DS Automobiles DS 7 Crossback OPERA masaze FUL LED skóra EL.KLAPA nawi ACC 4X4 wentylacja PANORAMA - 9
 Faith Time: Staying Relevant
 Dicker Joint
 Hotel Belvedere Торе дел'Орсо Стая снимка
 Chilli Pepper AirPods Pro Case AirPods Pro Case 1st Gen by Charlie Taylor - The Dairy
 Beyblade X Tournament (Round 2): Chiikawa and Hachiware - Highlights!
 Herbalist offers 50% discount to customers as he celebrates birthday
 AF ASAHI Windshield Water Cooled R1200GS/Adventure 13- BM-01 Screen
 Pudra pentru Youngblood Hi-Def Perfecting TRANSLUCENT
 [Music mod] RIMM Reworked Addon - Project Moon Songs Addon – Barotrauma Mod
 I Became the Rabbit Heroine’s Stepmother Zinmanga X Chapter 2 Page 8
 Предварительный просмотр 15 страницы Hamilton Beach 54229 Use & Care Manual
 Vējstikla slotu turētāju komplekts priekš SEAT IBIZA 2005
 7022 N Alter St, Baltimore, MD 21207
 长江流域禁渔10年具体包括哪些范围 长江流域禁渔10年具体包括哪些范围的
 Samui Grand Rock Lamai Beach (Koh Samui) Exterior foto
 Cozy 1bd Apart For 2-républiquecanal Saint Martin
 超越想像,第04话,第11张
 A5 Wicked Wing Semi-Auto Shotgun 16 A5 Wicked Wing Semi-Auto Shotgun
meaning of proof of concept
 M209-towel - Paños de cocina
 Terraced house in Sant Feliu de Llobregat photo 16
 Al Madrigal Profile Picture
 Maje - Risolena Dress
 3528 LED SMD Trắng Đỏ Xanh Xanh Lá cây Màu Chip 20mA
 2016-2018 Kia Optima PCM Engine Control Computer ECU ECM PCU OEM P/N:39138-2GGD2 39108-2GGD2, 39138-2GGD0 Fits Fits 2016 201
---+---
◆ **Instructions to follow**: Starting at the line with "Cozy 1bd Apart", copy every line up to and including the last one in the entries above.

◆ **The answer**:
 Cozy 1bd Apart For 2-républiquecanal Saint Martin
 超越想像,第04话,第11张
 A5 Wicked Wing Semi-Auto Shotgun 16 A5 Wicked Wing Semi-Auto Shotgun
meaning of proof of concept
 M209-towel - Paños de cocina
 Terraced house in Sant Feliu de Llobregat photo 16
 Al Madrigal Profile Picture
 Maje - Risolena Dress
 3528 LED SMD Trắng Đỏ Xanh Xanh Lá cây Màu Chip 20mA
 2016-2018 Kia Optima PCM Engine Control Computer ECU ECM PCU OEM P/N:39138-2GGD2 39108-2GGD2, 39138-2GGD0 Fits Fits 2016 201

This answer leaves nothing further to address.